- TASK INPUT:
--- --- ---
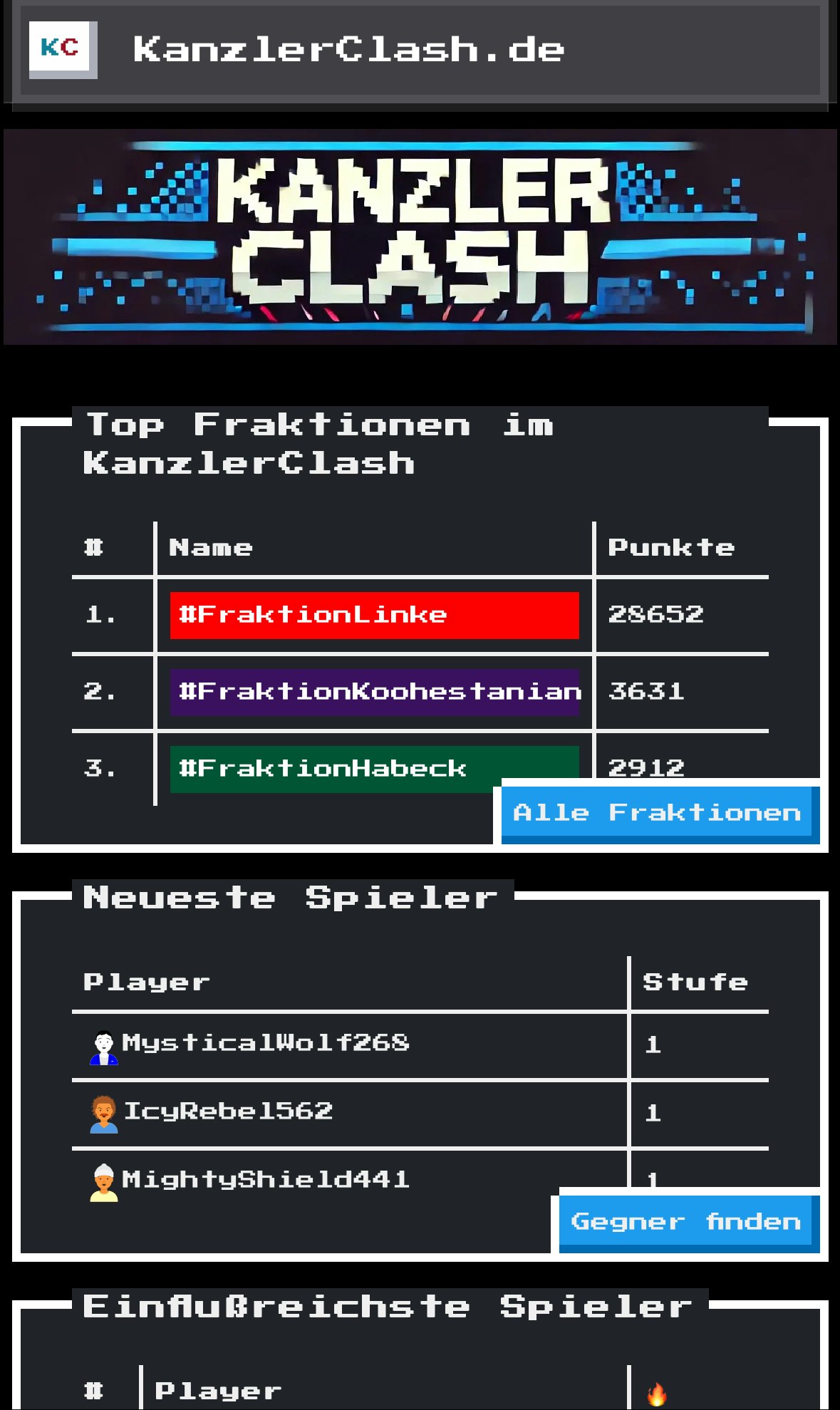 Média Kanzlercash - Le jeu politique automatique! 1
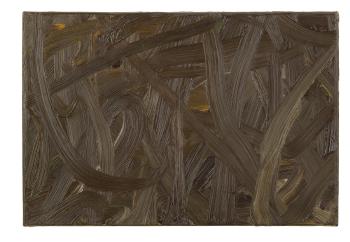 Vermalung (Braun) / Inpainting (Brown)-1972 Vermalung (Braun) / Inpainting (Brown)-1972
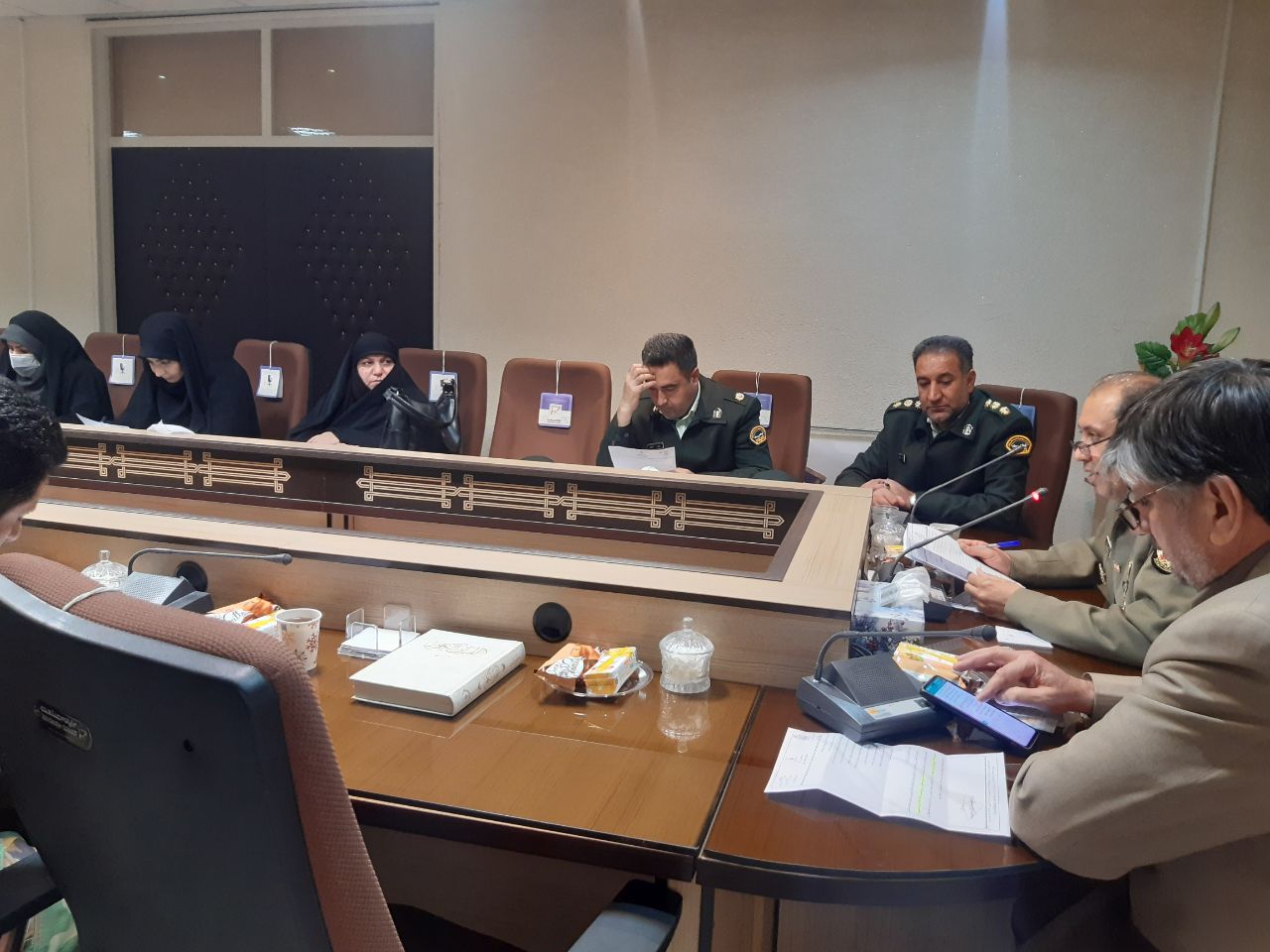 برگزاری جلسه خاطره نویسی بنیاد حفظ اثار وارزشهای دفاع مقدس  در استان کرمانشاه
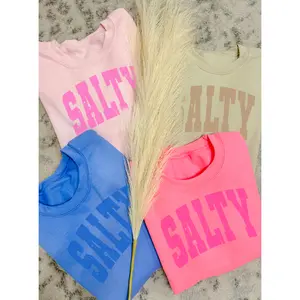 Salty Graphic Pullover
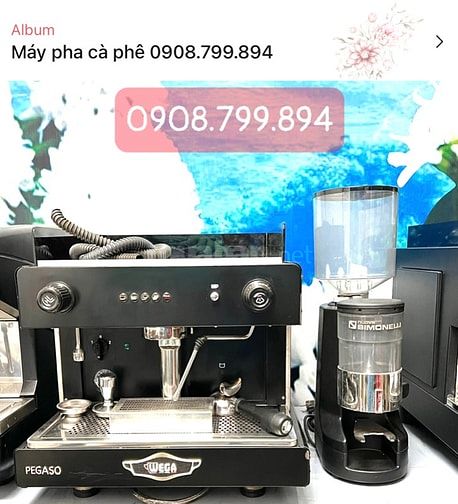 Thu mua thanh lý máy pha cà phê các loại 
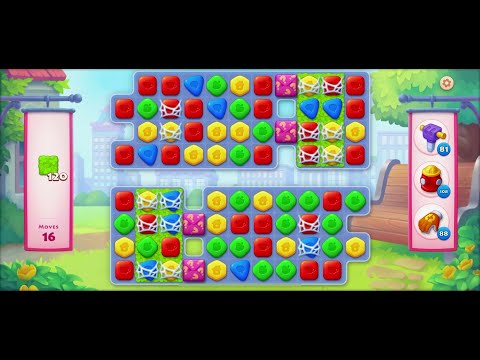 TOWNSHIP  mini event Match -3  game level # 1269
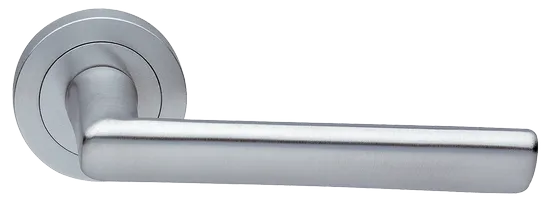 STELLA R2 CSA, ручка дверная, цвет - матовый хром фото купить Новокузнецк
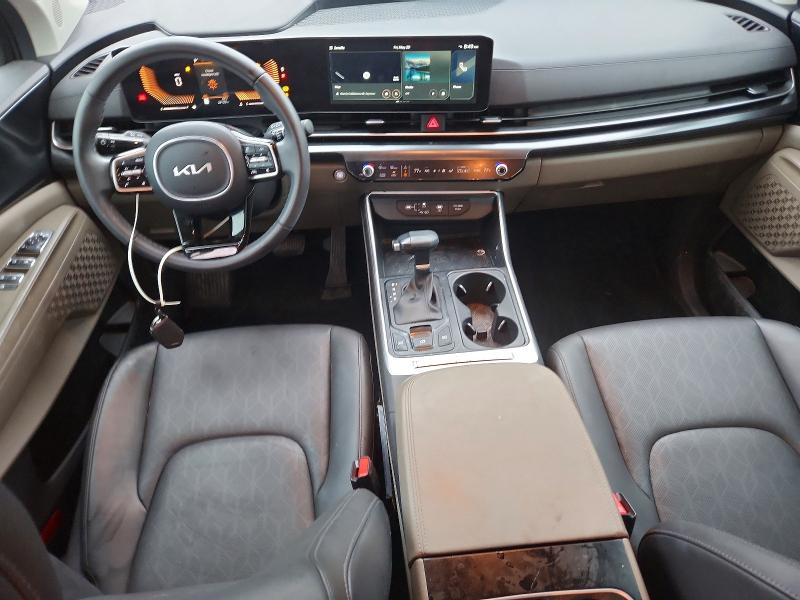 2025 Kia Carnival მანქანა იყიდება აუქციონზე, vin: KNDNB5K36S6543910, აუქციონის ნომერი: 55402196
--- --- ---
- TASK:
If a picture appears in the data, omit it; transcribe all the rest exactly.

- RESPONSE TO THE EXERCISE:
 Média Kanzlercash - Le jeu politique automatique! 1
 Vermalung (Braun) / Inpainting (Brown)-1972 Vermalung (Braun) / Inpainting (Brown)-1972
 برگزاری جلسه خاطره نویسی بنیاد حفظ اثار وارزشهای دفاع مقدس  در استان کرمانشاه
 Salty Graphic Pullover
 Thu mua thanh lý máy pha cà phê các loại 
 TOWNSHIP  mini event Match -3  game level # 1269
 STELLA R2 CSA, ручка дверная, цвет - матовый хром фото купить Новокузнецк
 2025 Kia Carnival მანქანა იყიდება აუქციონზე, vin: KNDNB5K36S6543910, აუქციონის ნომერი: 55402196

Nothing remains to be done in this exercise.